So what we're going to talk about next is how to manage a conversation about the mental load in your relationship, how to kind of get to a place where there is a solution either in your friendships, your relationships and other forms of connections that you might have, so all of that and more after this shortbreak, when you feel that you're taking on more of the mental load and relationship, that is going to have a number of bleed on effects, a lot of impacts not just on the relationship, but
your health as well. The primary one I think is burnout. Of course, a lot of research on this has been done with mothers who don't only have partners, but children to look after it as well. Nearly nine to ten mothers in this one study felt that they were solely responsible for managing and organizing the family's schedule, and it left them feeling overwhelmed, exhausted, unable to make space for themselves. Similar study found that seventy two percent of working mums,
so not just stay at home mum's. Working moms feel that it's their job to stay on top of kids' schedules. Fifty two percent of them are also facing burnout. So when we think about this from a more psychological perspective, right, we really do only have a finite amount of mental space, cognitive space, mental resources. There are always things that are going to be competing for our time. That includes things like work, personal things that you're going through, personal dilemmas friendships,
making time to exercise, making time to prioritize yourself. When we feel like we are responsible for organizing someone else's life and the life that we share together, that is just more that is being taken out of this finite pool of what is available to us mentally, and it's going to lead to exhaustion if other parts of our lives don't make space for that growth in that area.
I think it's important to see it this way and see it almost as like how we want to visualize it, whether it's like a cup or a pie or anything like, you really only have that much. Everything that you choose to put on your plate, you choose to devote your time, to your energy, to your love to takes away from that finite amount of thing that you have, and so what it requires you to do is sacrifice other things
that are important to you. And those are the kinds of sacrifices that women often have to make more than men. Those things that they sacrifice first are normally going to be the things that they can live without, but they can't sustain themselves without things that actually contribute to self care,
to a good sense of emotional wellbeing. If you have a really busy life, if you've got a lot going on and you know that you need to prioritize work, you need to prioritize your partner, you need to prioritize your family, and you don't have time for anything else. The things that are going to get chopped, that are going to get discarded is going to be things like exercise. It's going to be things like seeing your friends, things that are important for your self care. That it's going
to further the cycle of burnout. That is the main impact. I also think that you just start feeling that exhaustion long before you feel burnt out. And that exhaustion also contributes to a sense of resentment in your relationship. You don't feel respected because this person is not contributing what
you feel like you are contributing. They did a study on this back in two thousand and one, right when the mental load was really starting to take off, and they found that when women in particular feel they're doing more of the cognitive labor, the amount of satisfaction they report in their relationship declines. More mental load, less happy
in relationship. It's a very i think simple correlation. When you're at that point where you're feeling really disappointed in your partner, but as we said before, you're not quite sure why, because the mental load and cognitive labor isn't as recognized as domestic labor. What you're going to do is unconsciously, subconsciously find ways to get their attention, find ways to bring them into a discussion in which you're allowed to kind of air your anger and air your resentment.

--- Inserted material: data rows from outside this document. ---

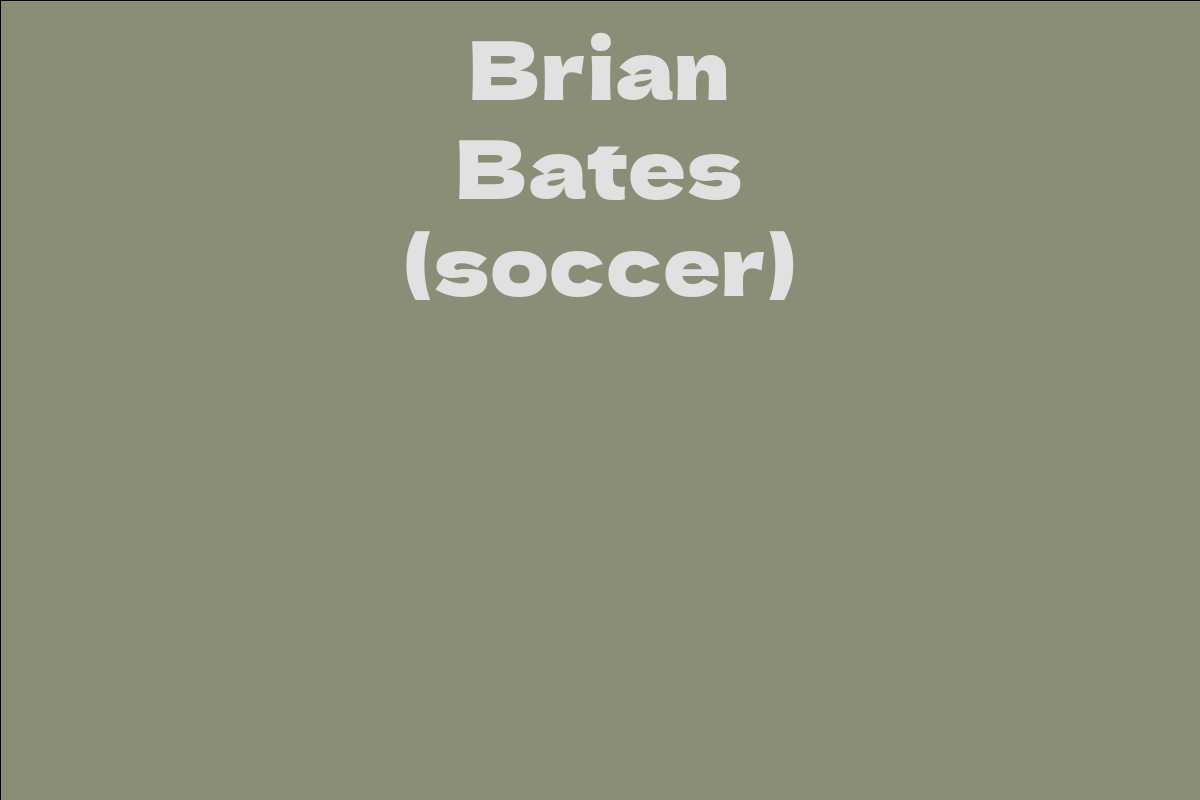 Brian Bates (soccer)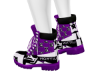 LV DENIM BOOTS PURPLE M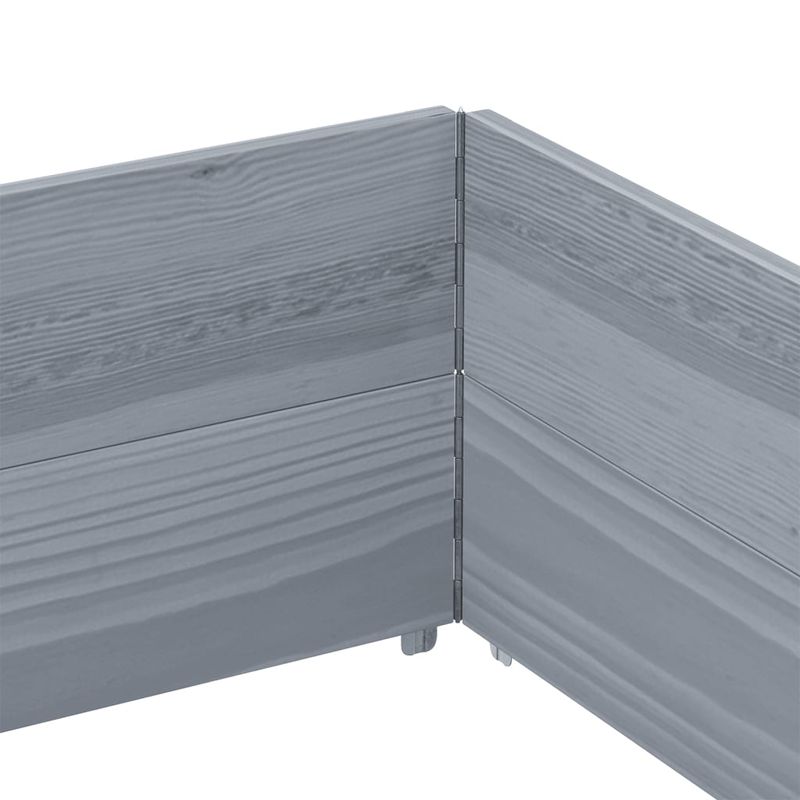 Casa si Gradina - Mobilier - Feronerie si accesorii mobila - Rame pentru paleti 2 buc. gri 150x100 cm lemn masiv de pin - Infinity.ro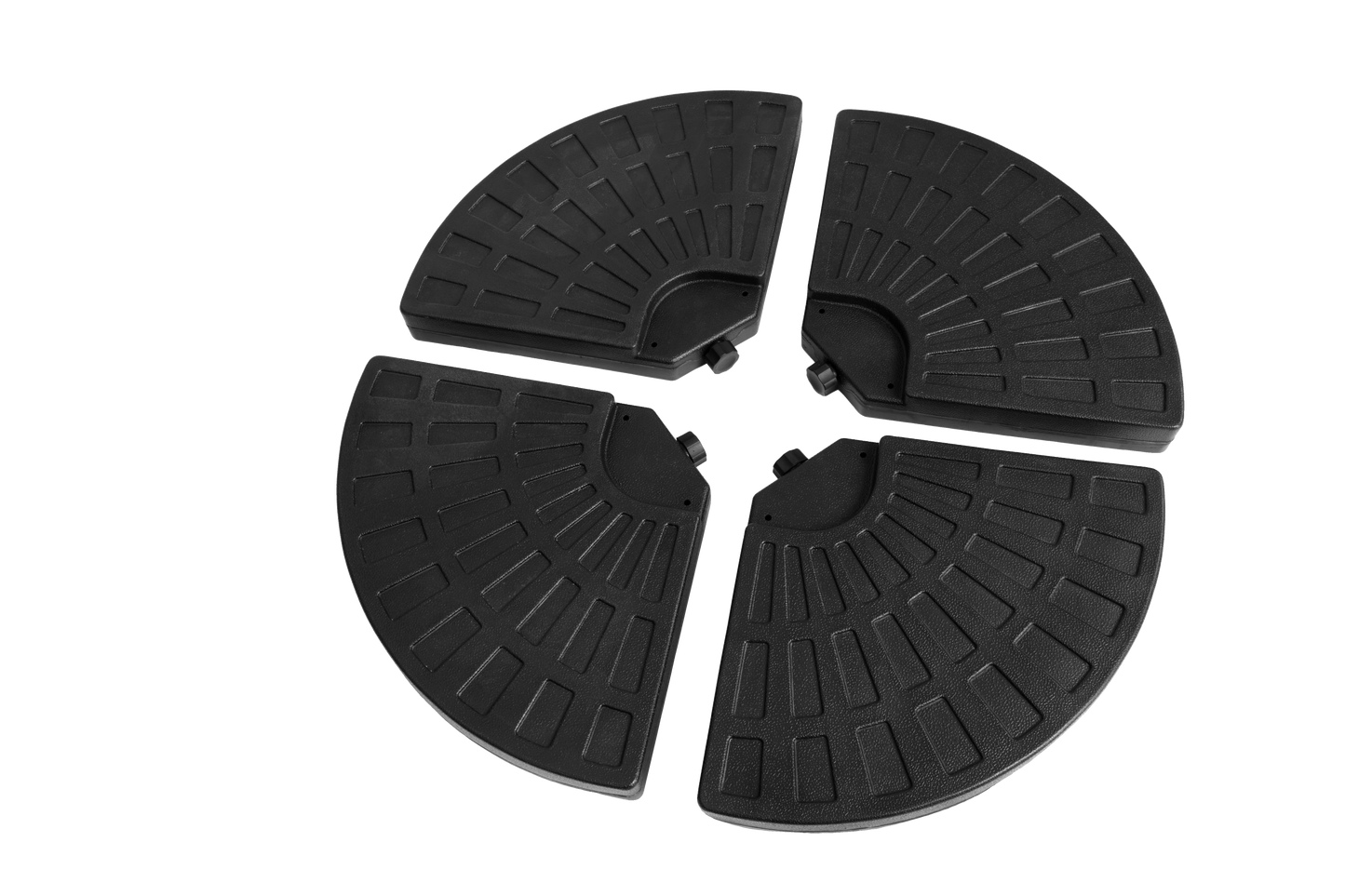 Patio Umbrella Base Fillable 4 Plate PE Black 42 LB Each Water Sand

What I'm talking about here is emotional bids. Now we've spoken about this on the show before. I can't remember one episode, but essentially, emotional bids are like these efforts that we make to bring our partner's attention to some problem and have them reassure us. The best example I think of is picking a fight, or you know, being like Chipana, oh, hey, look at this, and then they
don't look at it, and your emotional bid has been neglected. Essentially, what you're asking from your partner in those moments is for attention and is for their compassion, is for them
to contribute to the partnership. When you start to pick fights and you don't even know what the problem is, I find that you're probably not going to find this allusion to it either, and it's just going to end up wearing down on both of you, creating a lot of stress, further exacerbating that resentment and leading to relationship breakdown.
And I've seen this happen in a friend of mine's relationship, where after just so many times of trying to get her partner to do more for her, to just plan things to just like not have to ask her constantly, Hey, weds dinner tonight? What time? What am I meant to be wearing? Did you get my mom a birthday present? Like? She had asked so many times for him to understand where she was coming from that the relationship ended up not working out because she realized that he couldn't be
a good partner. And I felt bad for him because I think that he had such an opportunity there to correct his behavior. All he required was a bit more empathy. So I want to talk about how we can fix this dynamic in which you might be taking on more of the mental load. I think the first step in any relationship dispute whatever you want to call it, dissatisfaction problem why not, is to make sure you were both
on the same page about what the problem is. So maybe A good first step is to actually send them this episode, not just trying to get more listens or anything like that, but seriously, like, I think it's really important that if they have never even heard of what the mental load is, if they have no clue what you're talking about, that conversation is not going to be productive. And I also think that I think sadly the conversation
will fail because they will immediately be defensive. Not to say that they should be, but I think that going into it with a mutual understanding of what you want to discuss and what you're actually referring to is super important. Maybe they listen to this episode they go, oh my god, absolutely, I totally get where you're coming from. We don't need to talk about it anymore. I'm going to step up.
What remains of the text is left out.